_Task statement:_ Exact reproduction of all the data is required, with pictures excluded.

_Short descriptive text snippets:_
________

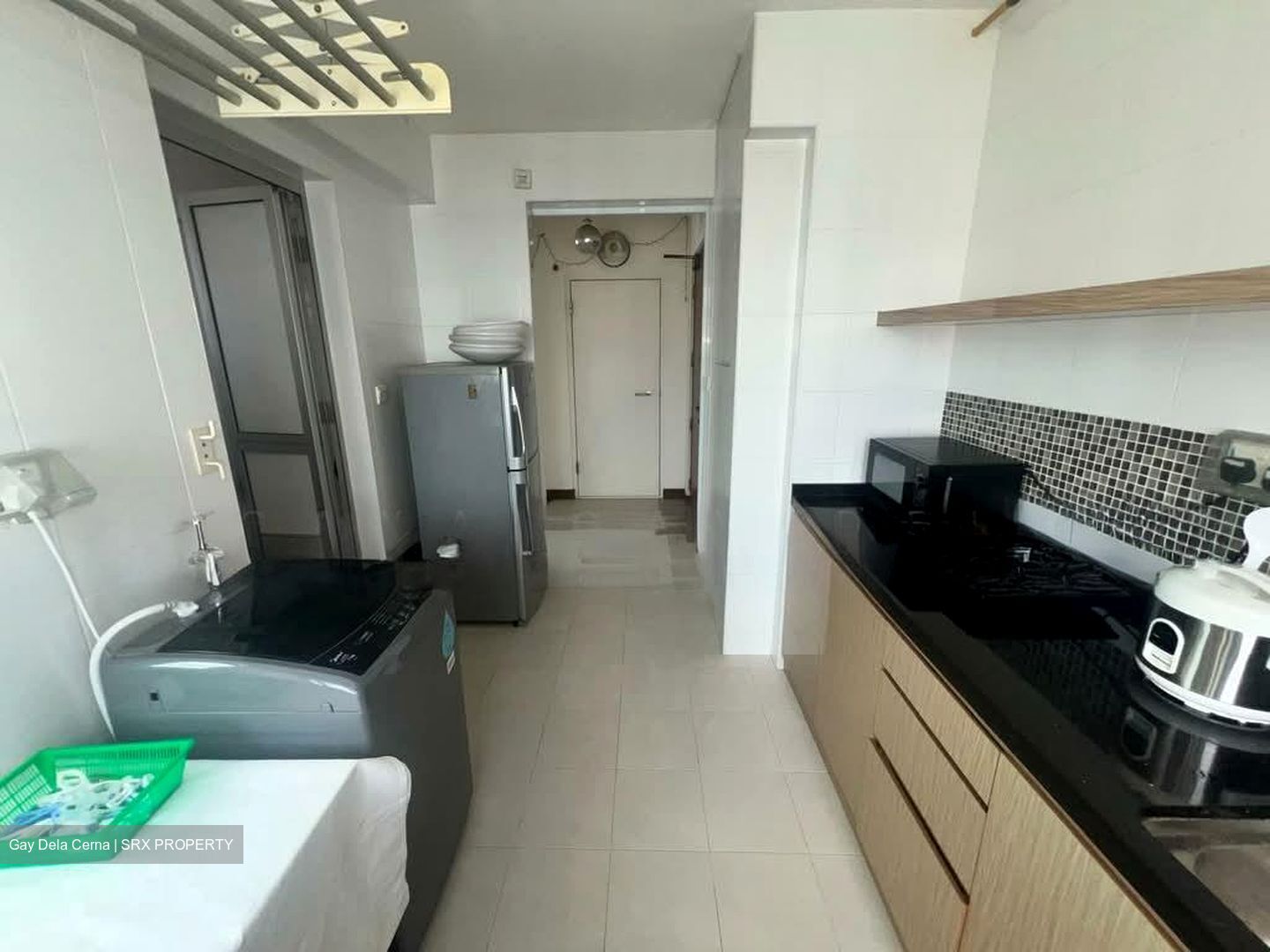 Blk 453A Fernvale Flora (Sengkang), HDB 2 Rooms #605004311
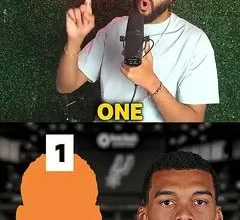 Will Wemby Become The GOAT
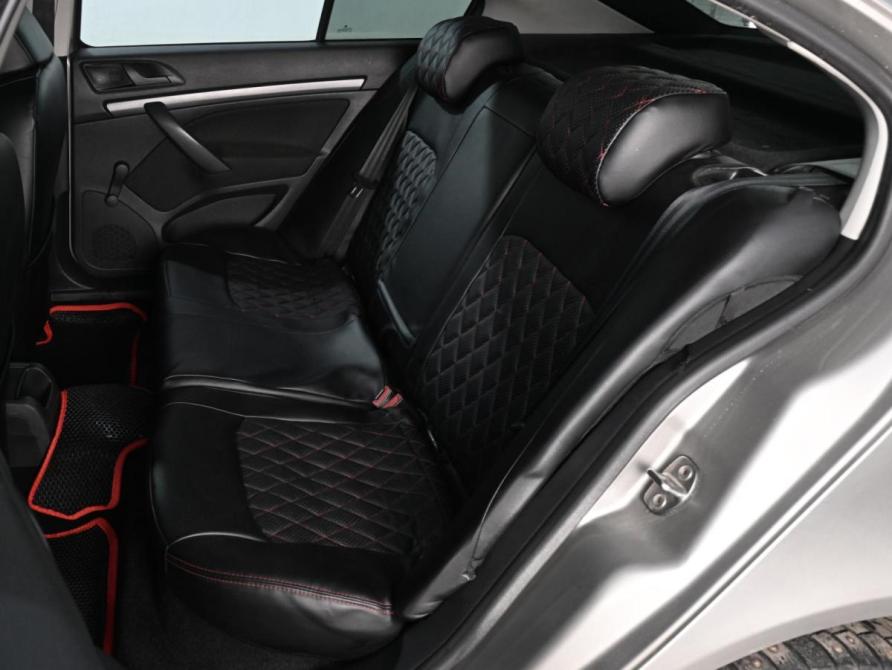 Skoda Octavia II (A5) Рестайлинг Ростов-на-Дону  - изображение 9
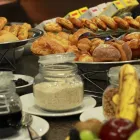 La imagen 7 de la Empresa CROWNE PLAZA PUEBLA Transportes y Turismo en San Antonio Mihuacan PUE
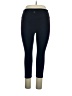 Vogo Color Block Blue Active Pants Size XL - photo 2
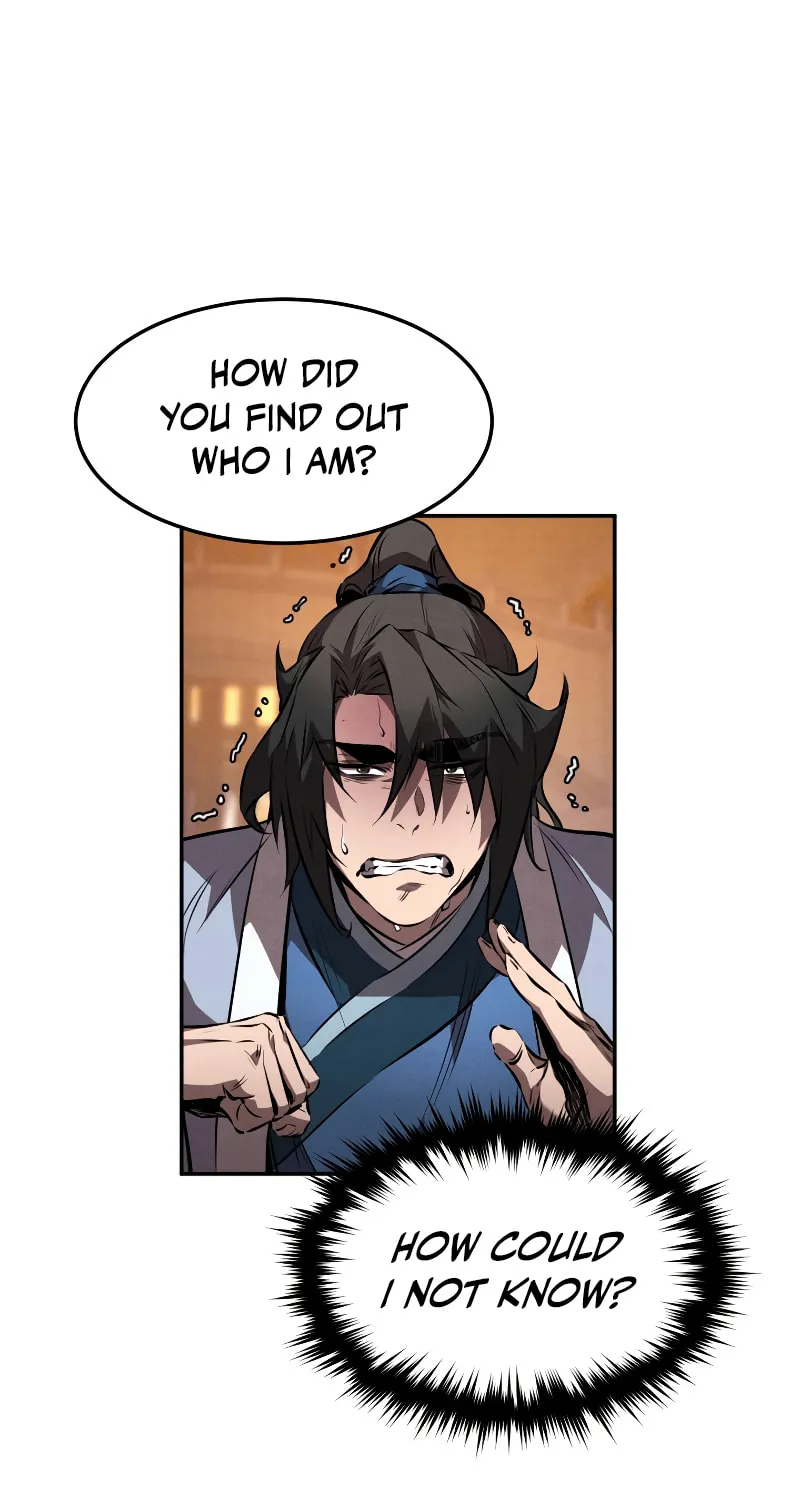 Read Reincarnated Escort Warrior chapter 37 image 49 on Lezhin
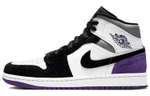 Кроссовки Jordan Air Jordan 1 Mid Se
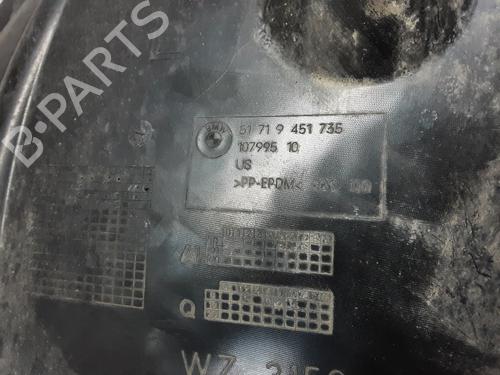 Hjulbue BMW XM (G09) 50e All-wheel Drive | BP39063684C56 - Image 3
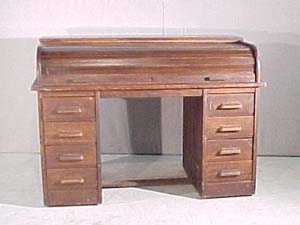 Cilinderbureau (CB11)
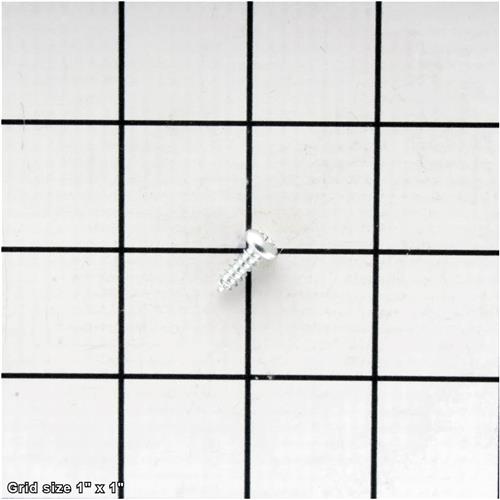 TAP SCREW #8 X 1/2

________

_Reply:_
 Blk 453A Fernvale Flora (Sengkang), HDB 2 Rooms #605004311
 Will Wemby Become The GOAT
 Skoda Octavia II (A5) Рестайлинг Ростов-на-Дону  - изображение 9
 La imagen 7 de la Empresa CROWNE PLAZA PUEBLA Transportes y Turismo en San Antonio Mihuacan PUE
 Vogo Color Block Blue Active Pants Size XL - photo 2
 Read Reincarnated Escort Warrior chapter 37 image 49 on Lezhin
 Кроссовки Jordan Air Jordan 1 Mid Se
 Hjulbue BMW XM (G09) 50e All-wheel Drive | BP39063684C56 - Image 3
 Cilinderbureau (CB11)
 TAP SCREW #8 X 1/2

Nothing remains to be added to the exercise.